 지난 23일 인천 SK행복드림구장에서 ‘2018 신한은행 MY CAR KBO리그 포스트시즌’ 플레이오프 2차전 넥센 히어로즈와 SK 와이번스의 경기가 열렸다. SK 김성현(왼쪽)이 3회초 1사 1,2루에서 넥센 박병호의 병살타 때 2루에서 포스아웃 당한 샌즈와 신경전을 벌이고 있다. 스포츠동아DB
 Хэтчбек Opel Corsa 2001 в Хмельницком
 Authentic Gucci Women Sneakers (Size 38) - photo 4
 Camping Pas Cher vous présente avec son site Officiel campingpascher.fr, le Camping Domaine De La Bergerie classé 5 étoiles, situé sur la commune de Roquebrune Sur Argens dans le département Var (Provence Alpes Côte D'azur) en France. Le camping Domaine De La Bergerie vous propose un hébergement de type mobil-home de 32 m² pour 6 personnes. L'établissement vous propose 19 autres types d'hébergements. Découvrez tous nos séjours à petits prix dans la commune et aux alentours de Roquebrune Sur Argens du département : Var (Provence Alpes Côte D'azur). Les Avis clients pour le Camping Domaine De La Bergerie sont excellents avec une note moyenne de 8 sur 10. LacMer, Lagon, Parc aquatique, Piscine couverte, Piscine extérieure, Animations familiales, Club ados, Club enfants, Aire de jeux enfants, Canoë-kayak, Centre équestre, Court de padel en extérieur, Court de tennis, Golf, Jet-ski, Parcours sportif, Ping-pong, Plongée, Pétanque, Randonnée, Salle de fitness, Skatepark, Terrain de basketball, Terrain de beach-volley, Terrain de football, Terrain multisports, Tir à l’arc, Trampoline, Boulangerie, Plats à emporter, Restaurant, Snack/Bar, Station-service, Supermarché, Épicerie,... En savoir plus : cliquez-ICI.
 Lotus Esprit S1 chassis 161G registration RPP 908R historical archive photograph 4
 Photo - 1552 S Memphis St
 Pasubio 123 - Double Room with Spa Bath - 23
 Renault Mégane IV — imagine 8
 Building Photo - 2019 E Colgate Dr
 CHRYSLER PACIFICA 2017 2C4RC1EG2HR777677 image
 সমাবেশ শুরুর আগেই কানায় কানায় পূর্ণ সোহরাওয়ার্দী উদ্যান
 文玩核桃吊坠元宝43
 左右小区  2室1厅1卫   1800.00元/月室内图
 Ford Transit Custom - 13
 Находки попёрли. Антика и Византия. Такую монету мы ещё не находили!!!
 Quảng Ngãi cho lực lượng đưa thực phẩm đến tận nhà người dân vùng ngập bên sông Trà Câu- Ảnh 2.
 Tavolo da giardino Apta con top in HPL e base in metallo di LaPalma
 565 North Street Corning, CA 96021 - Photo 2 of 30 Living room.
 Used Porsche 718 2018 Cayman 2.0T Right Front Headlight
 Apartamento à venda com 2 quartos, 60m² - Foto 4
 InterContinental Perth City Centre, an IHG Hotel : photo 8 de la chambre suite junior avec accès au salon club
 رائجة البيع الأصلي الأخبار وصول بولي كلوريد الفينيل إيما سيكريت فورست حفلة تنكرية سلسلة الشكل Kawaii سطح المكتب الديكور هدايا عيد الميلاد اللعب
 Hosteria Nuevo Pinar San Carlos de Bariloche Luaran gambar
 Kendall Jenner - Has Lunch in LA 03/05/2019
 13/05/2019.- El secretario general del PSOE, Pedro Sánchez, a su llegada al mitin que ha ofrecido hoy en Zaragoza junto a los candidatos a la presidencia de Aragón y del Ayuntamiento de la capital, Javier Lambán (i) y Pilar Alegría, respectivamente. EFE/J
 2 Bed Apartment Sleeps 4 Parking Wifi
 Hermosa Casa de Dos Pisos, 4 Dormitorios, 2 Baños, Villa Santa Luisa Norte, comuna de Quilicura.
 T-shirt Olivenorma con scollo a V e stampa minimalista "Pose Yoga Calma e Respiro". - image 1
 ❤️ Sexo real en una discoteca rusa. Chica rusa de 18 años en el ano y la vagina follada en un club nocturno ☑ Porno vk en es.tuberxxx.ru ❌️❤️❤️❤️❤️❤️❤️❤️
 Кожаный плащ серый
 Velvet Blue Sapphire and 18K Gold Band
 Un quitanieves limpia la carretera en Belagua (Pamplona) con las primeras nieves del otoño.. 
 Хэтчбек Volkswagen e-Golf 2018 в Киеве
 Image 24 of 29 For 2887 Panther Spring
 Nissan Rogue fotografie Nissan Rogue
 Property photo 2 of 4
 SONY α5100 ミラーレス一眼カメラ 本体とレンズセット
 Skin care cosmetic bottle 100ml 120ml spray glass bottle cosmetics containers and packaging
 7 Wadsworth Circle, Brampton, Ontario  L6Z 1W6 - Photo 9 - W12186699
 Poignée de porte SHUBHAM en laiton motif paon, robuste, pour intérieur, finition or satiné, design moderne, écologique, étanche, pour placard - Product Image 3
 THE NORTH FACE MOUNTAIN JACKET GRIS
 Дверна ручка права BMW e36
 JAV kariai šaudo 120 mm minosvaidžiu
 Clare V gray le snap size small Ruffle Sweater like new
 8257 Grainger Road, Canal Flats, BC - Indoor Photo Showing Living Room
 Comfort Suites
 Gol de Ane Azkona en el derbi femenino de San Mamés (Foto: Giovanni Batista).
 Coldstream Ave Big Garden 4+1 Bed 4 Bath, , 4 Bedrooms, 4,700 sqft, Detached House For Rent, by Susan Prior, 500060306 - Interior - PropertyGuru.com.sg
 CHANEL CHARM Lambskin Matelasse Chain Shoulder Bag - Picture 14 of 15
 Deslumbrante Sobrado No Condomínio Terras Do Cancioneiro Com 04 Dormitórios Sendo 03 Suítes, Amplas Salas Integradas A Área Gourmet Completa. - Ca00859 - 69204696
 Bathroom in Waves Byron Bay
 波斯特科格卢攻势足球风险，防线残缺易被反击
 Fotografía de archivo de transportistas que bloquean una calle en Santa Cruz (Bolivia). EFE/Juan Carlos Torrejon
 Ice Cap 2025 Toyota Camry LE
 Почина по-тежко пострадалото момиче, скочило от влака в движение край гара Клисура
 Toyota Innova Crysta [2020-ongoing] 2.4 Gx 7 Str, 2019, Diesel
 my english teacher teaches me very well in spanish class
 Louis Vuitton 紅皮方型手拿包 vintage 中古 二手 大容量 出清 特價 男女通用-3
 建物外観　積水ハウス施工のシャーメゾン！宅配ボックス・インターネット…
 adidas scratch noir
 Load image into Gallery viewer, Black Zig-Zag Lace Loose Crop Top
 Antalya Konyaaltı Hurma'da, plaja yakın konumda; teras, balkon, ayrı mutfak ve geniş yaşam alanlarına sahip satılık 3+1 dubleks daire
------
→ **TASK BRIEF**: Would you print exactly, and only, the lines of the data above from the line with "2 Bed Apartment Sleeps 4 Parking Wifi" through the line with "Toyota Innova Crysta", inclusive?

→ **SOLUTION BELOW**:
 2 Bed Apartment Sleeps 4 Parking Wifi
 Hermosa Casa de Dos Pisos, 4 Dormitorios, 2 Baños, Villa Santa Luisa Norte, comuna de Quilicura.
 T-shirt Olivenorma con scollo a V e stampa minimalista "Pose Yoga Calma e Respiro". - image 1
 ❤️ Sexo real en una discoteca rusa. Chica rusa de 18 años en el ano y la vagina follada en un club nocturno ☑ Porno vk en es.tuberxxx.ru ❌️❤️❤️❤️❤️❤️❤️❤️
 Кожаный плащ серый
 Velvet Blue Sapphire and 18K Gold Band
 Un quitanieves limpia la carretera en Belagua (Pamplona) con las primeras nieves del otoño.. 
 Хэтчбек Volkswagen e-Golf 2018 в Киеве
 Image 24 of 29 For 2887 Panther Spring
 Nissan Rogue fotografie Nissan Rogue
 Property photo 2 of 4
 SONY α5100 ミラーレス一眼カメラ 本体とレンズセット
 Skin care cosmetic bottle 100ml 120ml spray glass bottle cosmetics containers and packaging
 7 Wadsworth Circle, Brampton, Ontario  L6Z 1W6 - Photo 9 - W12186699
 Poignée de porte SHUBHAM en laiton motif paon, robuste, pour intérieur, finition or satiné, design moderne, écologique, étanche, pour placard - Product Image 3
 THE NORTH FACE MOUNTAIN JACKET GRIS
 Дверна ручка права BMW e36
 JAV kariai šaudo 120 mm minosvaidžiu
 Clare V gray le snap size small Ruffle Sweater like new
 8257 Grainger Road, Canal Flats, BC - Indoor Photo Showing Living Room
 Comfort Suites
 Gol de Ane Azkona en el derbi femenino de San Mamés (Foto: Giovanni Batista).
 Coldstream Ave Big Garden 4+1 Bed 4 Bath, , 4 Bedrooms, 4,700 sqft, Detached House For Rent, by Susan Prior, 500060306 - Interior - PropertyGuru.com.sg
 CHANEL CHARM Lambskin Matelasse Chain Shoulder Bag - Picture 14 of 15
 Deslumbrante Sobrado No Condomínio Terras Do Cancioneiro Com 04 Dormitórios Sendo 03 Suítes, Amplas Salas Integradas A Área Gourmet Completa. - Ca00859 - 69204696
 Bathroom in Waves Byron Bay
 波斯特科格卢攻势足球风险，防线残缺易被反击
 Fotografía de archivo de transportistas que bloquean una calle en Santa Cruz (Bolivia). EFE/Juan Carlos Torrejon
 Ice Cap 2025 Toyota Camry LE
 Почина по-тежко пострадалото момиче, скочило от влака в движение край гара Клисура
 Toyota Innova Crysta [2020-ongoing] 2.4 Gx 7 Str, 2019, Diesel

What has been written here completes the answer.